I like the longer bars for felled timber. Less bending over for my hurtin' back.


----------



## mlappin




----------



## Gearclash

That's a big un. We have cottonwoods to deal with here. Nothing that an old Husky Rancher 61 with a 24" bar can't handle. Biggest are about 48" at waist height from the ground, 80' tall. Most are around 100 years old.


----------



## PaCustomBaler

I got my first Stihl out of high school...MS 260 Pro...absolutely love it. I have an 18" bar and it's my saw for firewood, burn 5-6 cord/year plus help all of her family relatives cut and split their wood. I bought myself a MS660 with 28" bar as a college graduation present to myself (hehe).

I'm a diehard Stihl guy...mostly oaks, hickory, maple, locust, walnuts, some cherry around here.

Bailey's online has narrow kerf (.050) bar/chain combos to replace wider .065 bar/chains. I'd like to try it..less lumber to cut through. Any of you guys do the switch to your saws?


----------



## slowzuki

The pico chain? I don't think they have rim drive for Stihl and you have to use a spur drive.

Thats some big maple there! We rarely have them get that big, people cut them down earlier in their life.


----------



## PaCustomBaler

The narrow kerf bar/chains are Woodland Pro brand, not Stihl.


----------



## slowzuki

No I know, stihl withdrew the pico stuff from north america years ago, someone still brings in a bit from europe for chainsaw mills.

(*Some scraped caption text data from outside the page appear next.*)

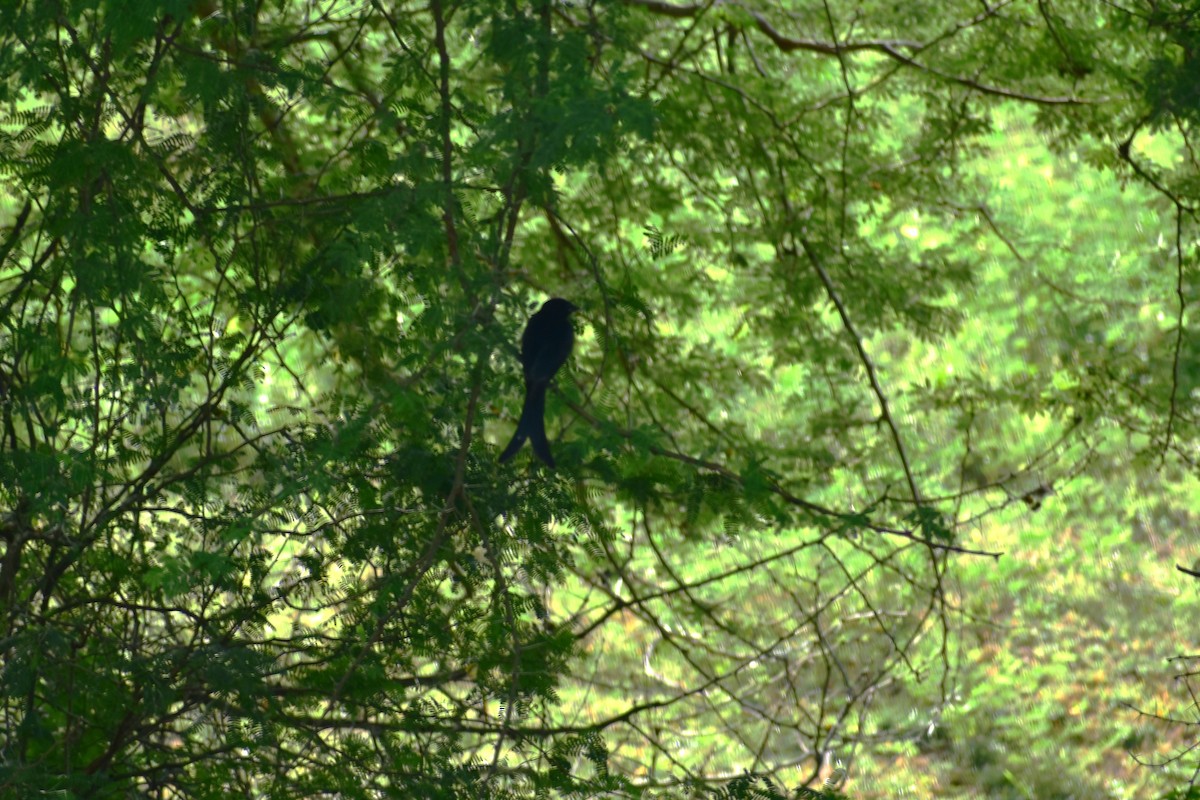 Black Drongo - ML623433089
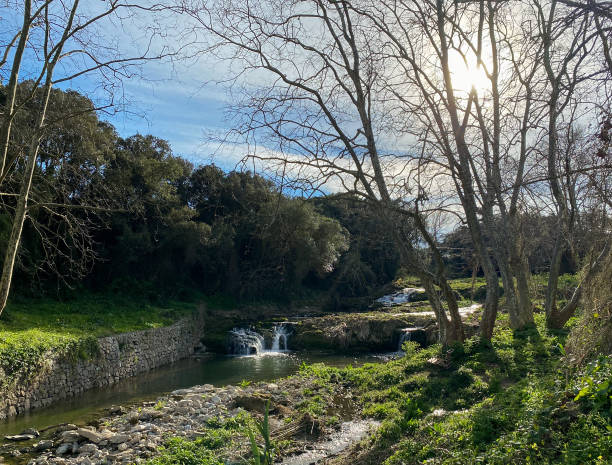 istock Torrent in the field with great flow 1477741066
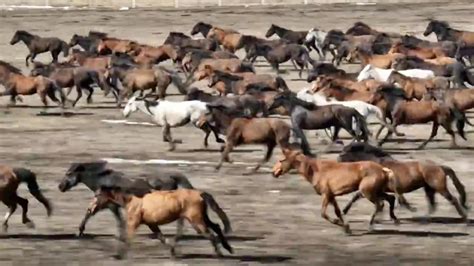 Amazing Aerial View Of Thousands Of Galloping Horses In Xinjiang Cgtn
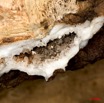 051 LEKABI Grotte Paroi avec Cristaux de Roche 8EIMG_26785wtmk.jpg
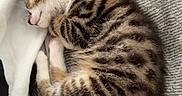 Tigri participe au concours pour gagner de l'argent avec cette photo : kitten, cat, sleeping, tabby, fur, cozy, blanket, paw, striped, cute, pet, animal, resting, indoor, soft, young, feline, curled, calm, domestic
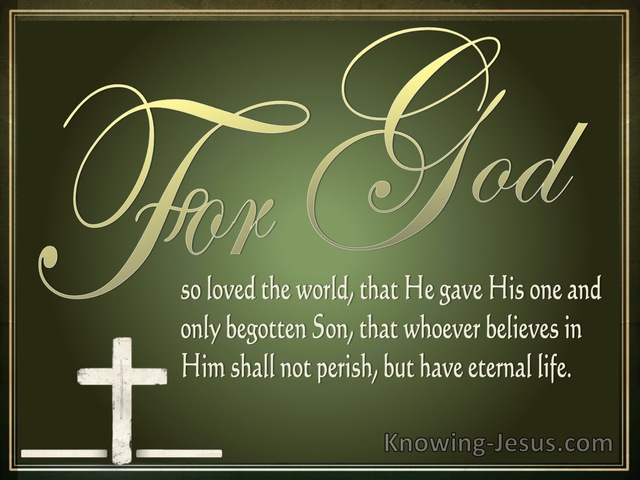 John 3:16 For God So Loved The World (sage)
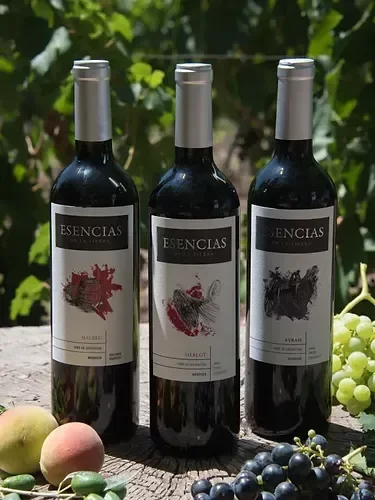 Producto - Vino Malbec Orgánico esencias Flia. Cecchin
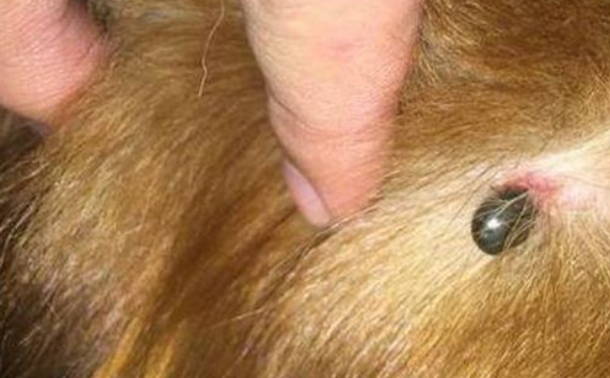 狗身上有蜱虫会导致什么问题?_狗狗_进行_皮肤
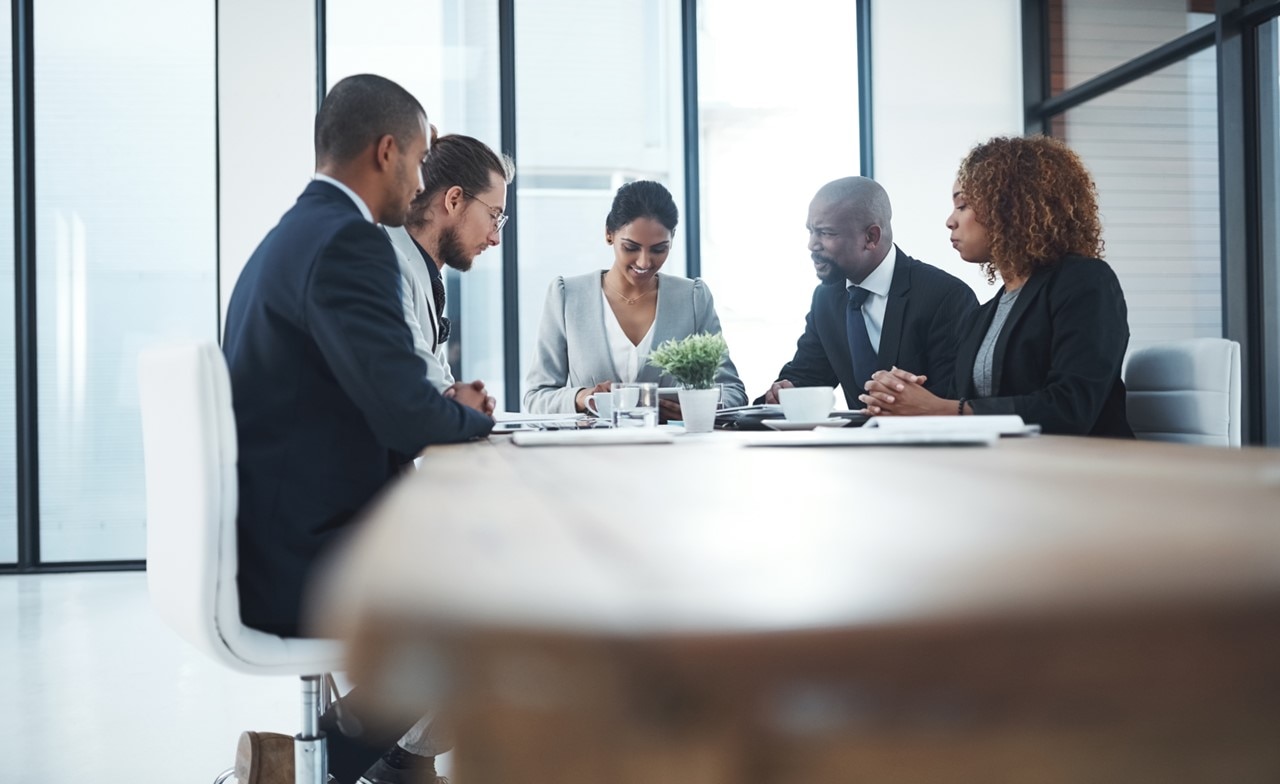 A group of professionals at a conference table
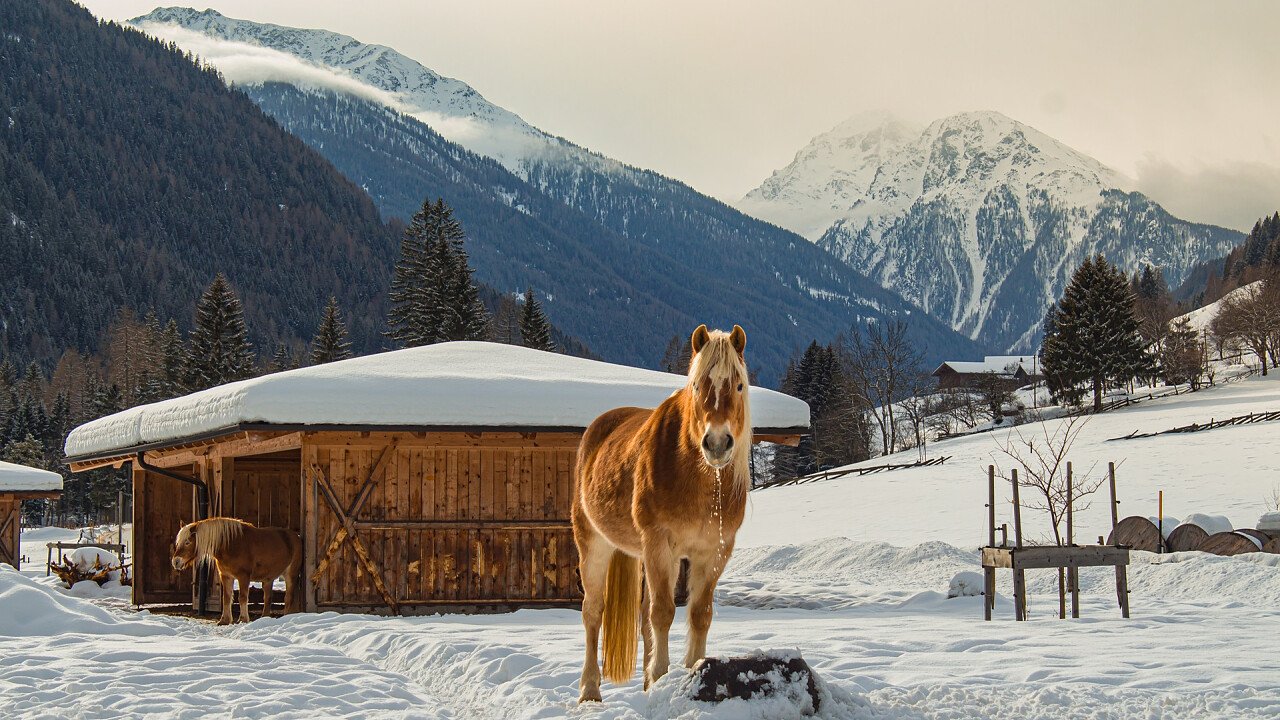 cavallo_inverno_val_d_ultimo_dreamstime_ebilena69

EDIT I went and looked and see I'm out of touch, didn't know about 0.325 narrow kerf.


----------



## aawhite

Running a John Deere 65v with a 26" bar thats well over 30 years old. Switching to a 20" bar soon. Don't drop big trees anymore, and that thing is HEAVY, will wear you out. Great saw, jsut keeps on running.


----------



## Shetland Sheepdog

Jonsereds 70E with 20" bar for the big stuff. Used to have a 24" bar!

Husqvarna 345XP & 2 Sthil 028 Pro's, with 18" bars for everything else

The Husky is prolly my favorite!


----------



## deadmoose

I have had good luck with my stihl's. MS270C and MS362. Both nice saws. Would never pay extra for the C again. But my older brother had just got an ms250c... Other brother had a husky that was a dog. In all fairness he bought it used at a dealer. Did turn me off to husky tho.

My dad had a jonsered that he had forever. I wish my mom didn't sell it. By the time I asked about it it was long gone.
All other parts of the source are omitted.